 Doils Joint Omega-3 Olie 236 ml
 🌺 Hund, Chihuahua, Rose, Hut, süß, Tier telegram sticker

#####

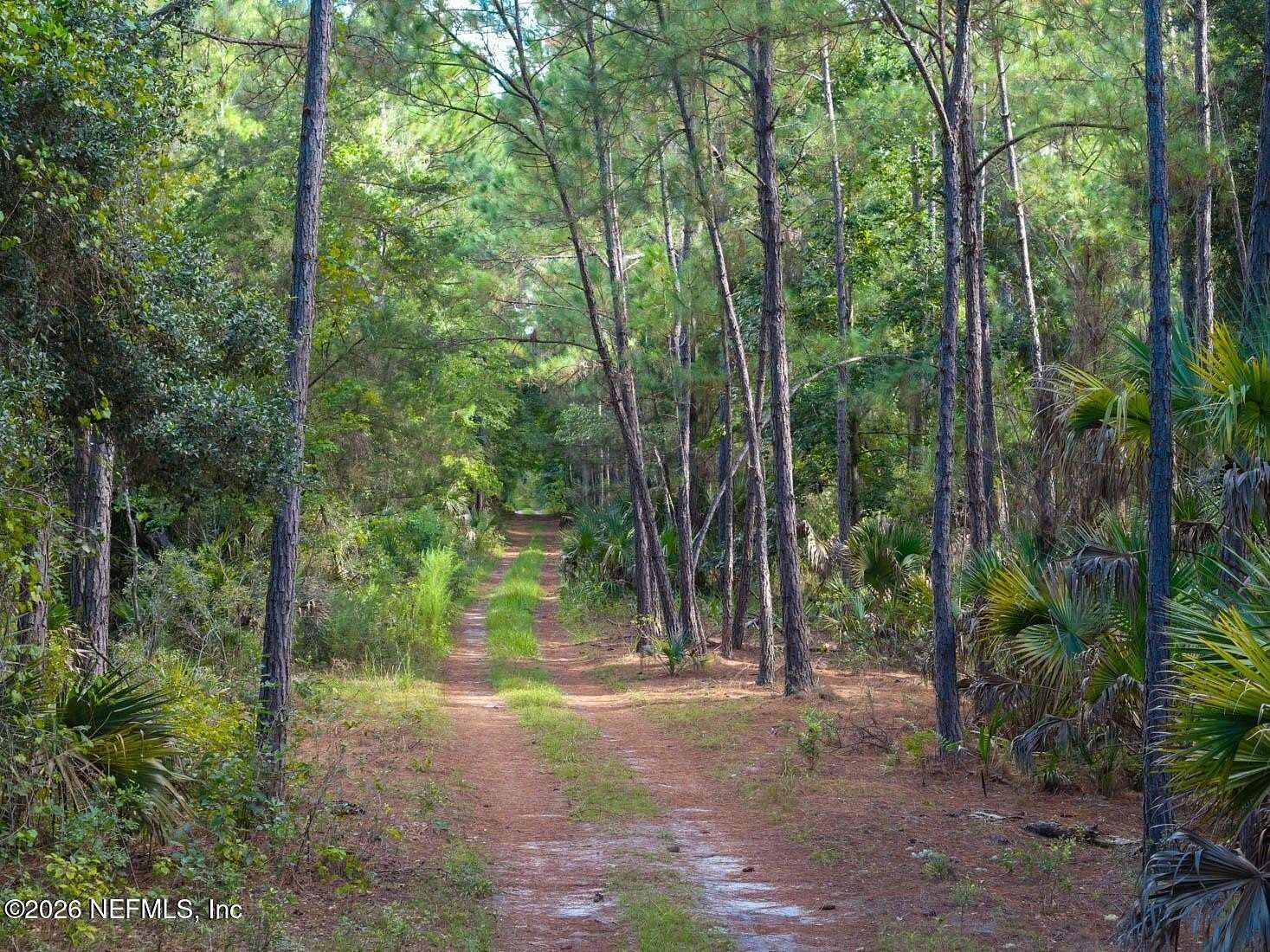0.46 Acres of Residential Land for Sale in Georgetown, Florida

#####

*Your instructions*: Of the entries listed above, reproduce only the lines starting at the line containing "Doils Joint Omega-3 Olie 236 ml" and ending at the line containing "Tier telegram sticker". Include both, exactly as they stand.

*Solution to this exercise*:
 Doils Joint Omega-3 Olie 236 ml
 🌺 Hund, Chihuahua, Rose, Hut, süß, Tier telegram sticker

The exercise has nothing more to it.